MANUEL DA COSTA PINTO
COLUNISTA DA FOLHA

Velhice como libertação dos apetites carnais e serena preparação para a morte; velhice como decadência do corpo e visão aterrorizante do fim. Essas duas maneiras de perceber o envelhecimento -mencionadas por Caetano- estão em Montaigne.
Qual delas corresponde àquilo que o escritor francês sentia? A pergunta pede uma resposta categórica -e tudo o que Montaigne recusa são raciocínios definitivos.
A novidade e o frescor de Montaigne estão na oscilação dos pontos de vista. "O homem é um tema maravilhosamente vão, diverso e mutável", escreve ele nos "Ensaios" -livro que criou a noção moderna de sujeito, descobrindo a cisão entre experiência interior e vida pública.
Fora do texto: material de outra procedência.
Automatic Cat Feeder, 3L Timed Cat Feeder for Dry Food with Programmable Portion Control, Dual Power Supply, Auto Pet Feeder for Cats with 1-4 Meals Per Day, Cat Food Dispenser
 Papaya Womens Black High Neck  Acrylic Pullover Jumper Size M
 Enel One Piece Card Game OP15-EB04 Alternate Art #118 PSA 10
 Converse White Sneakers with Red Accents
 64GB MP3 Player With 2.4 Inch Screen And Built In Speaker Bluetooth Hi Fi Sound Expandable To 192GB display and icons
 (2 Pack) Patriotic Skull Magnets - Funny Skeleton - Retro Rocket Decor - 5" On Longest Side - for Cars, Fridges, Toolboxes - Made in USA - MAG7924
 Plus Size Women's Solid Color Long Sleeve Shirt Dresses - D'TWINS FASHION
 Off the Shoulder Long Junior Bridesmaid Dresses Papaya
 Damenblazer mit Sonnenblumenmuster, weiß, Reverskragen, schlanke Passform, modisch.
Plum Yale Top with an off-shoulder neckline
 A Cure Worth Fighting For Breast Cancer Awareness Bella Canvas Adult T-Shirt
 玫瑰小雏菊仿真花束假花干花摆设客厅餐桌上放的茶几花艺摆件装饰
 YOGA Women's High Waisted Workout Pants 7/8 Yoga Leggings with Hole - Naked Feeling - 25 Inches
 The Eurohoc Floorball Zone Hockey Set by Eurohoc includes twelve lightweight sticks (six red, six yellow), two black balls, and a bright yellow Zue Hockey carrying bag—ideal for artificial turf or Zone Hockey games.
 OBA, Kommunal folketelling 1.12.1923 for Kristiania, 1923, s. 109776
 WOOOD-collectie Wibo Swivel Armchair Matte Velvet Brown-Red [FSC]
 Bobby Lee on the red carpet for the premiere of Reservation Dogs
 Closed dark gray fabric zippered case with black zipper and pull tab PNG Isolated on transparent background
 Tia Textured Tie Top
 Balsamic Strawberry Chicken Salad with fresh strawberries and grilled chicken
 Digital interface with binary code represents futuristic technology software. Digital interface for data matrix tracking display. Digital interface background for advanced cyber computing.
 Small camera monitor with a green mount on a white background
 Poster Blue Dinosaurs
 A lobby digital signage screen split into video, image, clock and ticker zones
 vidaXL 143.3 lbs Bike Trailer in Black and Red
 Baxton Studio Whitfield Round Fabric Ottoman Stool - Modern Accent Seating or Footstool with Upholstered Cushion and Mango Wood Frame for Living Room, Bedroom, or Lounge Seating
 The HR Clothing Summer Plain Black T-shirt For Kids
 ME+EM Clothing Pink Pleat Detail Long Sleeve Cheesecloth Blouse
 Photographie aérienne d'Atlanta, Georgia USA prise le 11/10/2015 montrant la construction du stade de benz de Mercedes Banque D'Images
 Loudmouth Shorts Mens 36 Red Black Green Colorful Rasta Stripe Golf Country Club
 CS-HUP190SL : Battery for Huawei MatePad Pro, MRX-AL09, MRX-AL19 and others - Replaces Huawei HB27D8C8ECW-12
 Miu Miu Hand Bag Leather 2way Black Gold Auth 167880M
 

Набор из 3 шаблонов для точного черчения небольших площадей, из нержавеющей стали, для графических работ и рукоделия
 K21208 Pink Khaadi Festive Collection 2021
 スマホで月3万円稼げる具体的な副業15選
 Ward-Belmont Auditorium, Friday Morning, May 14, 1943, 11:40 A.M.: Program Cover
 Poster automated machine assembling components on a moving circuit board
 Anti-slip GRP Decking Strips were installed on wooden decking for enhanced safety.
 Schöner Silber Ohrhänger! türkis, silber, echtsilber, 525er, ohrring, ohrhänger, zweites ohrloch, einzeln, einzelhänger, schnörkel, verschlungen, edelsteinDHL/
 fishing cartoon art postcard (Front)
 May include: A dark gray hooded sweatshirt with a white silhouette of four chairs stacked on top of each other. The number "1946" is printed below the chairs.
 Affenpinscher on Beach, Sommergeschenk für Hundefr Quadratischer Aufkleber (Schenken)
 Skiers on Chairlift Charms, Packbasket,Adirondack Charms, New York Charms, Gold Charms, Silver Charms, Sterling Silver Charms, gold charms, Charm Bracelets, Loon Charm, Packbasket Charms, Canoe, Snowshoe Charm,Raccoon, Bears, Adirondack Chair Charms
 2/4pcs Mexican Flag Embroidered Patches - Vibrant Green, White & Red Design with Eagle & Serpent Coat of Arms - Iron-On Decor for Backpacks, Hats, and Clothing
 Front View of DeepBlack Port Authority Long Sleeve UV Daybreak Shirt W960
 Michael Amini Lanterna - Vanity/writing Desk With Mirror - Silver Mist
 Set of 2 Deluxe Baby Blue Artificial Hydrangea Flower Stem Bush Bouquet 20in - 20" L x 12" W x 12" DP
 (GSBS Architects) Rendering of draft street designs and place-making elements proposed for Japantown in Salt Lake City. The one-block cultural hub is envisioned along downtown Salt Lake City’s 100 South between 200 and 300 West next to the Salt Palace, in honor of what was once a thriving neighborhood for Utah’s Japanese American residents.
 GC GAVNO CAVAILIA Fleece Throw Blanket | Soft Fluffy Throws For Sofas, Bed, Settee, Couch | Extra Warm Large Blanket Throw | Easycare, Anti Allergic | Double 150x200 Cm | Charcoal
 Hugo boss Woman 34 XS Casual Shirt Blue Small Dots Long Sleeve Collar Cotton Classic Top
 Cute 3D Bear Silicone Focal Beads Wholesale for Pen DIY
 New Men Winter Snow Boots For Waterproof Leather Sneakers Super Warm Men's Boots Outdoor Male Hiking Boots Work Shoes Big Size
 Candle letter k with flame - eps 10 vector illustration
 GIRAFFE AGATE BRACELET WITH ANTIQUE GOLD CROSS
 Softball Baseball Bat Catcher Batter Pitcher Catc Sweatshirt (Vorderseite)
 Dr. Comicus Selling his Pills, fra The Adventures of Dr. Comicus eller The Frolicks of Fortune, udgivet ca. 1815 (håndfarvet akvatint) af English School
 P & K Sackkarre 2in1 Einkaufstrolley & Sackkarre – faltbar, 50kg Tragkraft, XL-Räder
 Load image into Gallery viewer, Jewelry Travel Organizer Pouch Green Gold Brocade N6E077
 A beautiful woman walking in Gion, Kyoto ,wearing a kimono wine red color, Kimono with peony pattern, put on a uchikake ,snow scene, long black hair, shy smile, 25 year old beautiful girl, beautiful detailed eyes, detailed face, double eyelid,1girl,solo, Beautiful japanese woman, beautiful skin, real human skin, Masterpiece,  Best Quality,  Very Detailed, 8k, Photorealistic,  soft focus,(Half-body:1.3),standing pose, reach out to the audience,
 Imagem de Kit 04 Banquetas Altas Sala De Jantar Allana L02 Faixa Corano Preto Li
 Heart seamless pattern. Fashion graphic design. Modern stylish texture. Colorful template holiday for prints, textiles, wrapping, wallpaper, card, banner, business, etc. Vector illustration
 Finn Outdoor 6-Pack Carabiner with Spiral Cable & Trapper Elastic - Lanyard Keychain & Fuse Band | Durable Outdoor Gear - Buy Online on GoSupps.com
Ponto de passagem entre o mundo medieval e a modernidade, os "Ensaios" mesclam a sabedoria antiga com o bom-senso da razão experimental. Recolhido na biblioteca de seu castelo, Montaigne conserva a sombra dos clássicos, para os quais a vida é aprendizado da morte, remédio de todos os males, segundo Sêneca.
Logo, porém, percebe que "é pura tolice recorrer a exemplos alheios e escolásticos". Abandona então as idéias estóicas de virtude moral e indiferença à morte, entregando-se ao registro "naturalista" de seus temores, àquela constatação das deficiências de que fala Caetano. A vivência livresca não pode ser descartada: é a própria fonte da cultura; mas soma-se a ela a experiência do indivíduo que contempla seu naufrágio.